From Lemma 3 it is seen that the sequence:

$\sequence {d_n - \dfrac 1 {12 n} }$

is increasing.

In particular:

$\forall n \in \N_{>0}: d_n - \dfrac 1 {12 n} \ge d_1 = \dfrac 1 {12}$

and so $\sequence {d_n}$ is bounded below.

From the Monotone Convergence Theorem (Real Analysis), it follows that $\sequence {d_n}$ is convergent.

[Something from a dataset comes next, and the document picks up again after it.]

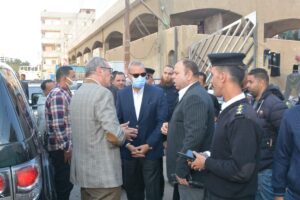 محافظ القليوبيه يتابع المشروعات الجاري تنفيذها بمدن بنها وشبرا الخيمة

Let $d_n \to d$ as $n \to \infty$.

From Exponential Function is Continuous, we have:

$\exp d_n \to \exp d$ as $n \to \infty$

Let $C = \exp d$.

Then:

$\dfrac {n!} {n^n \sqrt n e^{-n} } \to C$ as $n \to \infty$

It remains to be shown that $C = \sqrt {2 \pi}$.

Let $I_n$ be defined as:

$\ds I_n = \int_0^{\frac \pi 2} \sin^n x \rd x$

Then from Lemma 4:

$\ds \lim_{n \mathop \to \infty} \frac {I_{2 n} } {I_{2 n + 1} } = 1$

So:

 $\ds \lim_{n \mathop \to \infty} \dfrac {n!} {n^n \sqrt n e^{-n} }$ $=$ $\ds \sqrt {2 \pi}$ Lemma 5 $\ds \leadsto \ \$ $\ds \lim_{n \mathop \to \infty} \dfrac {n!} {\sqrt {2 \pi n} \paren {\frac n e}^n}$ $=$ $\ds 1$

Hence the result.

$\blacksquare$

Also defined as

This result can also be seen reported as:

$n! \sim \sqrt {2 \pi} n^n n^{1/2} e^{-n}$

Other variants are sometimes encountered.

Also known as

Stirling's Formula is otherwise known as Stirling's approximation.

Examples

Factorial of $8$

The factorial of $8$ is given by Stirling's Formula as:

$8! \approx 39 \ 902$

which shows an error of about $1 \%$.

Source of Name

This entry was named for James Stirling.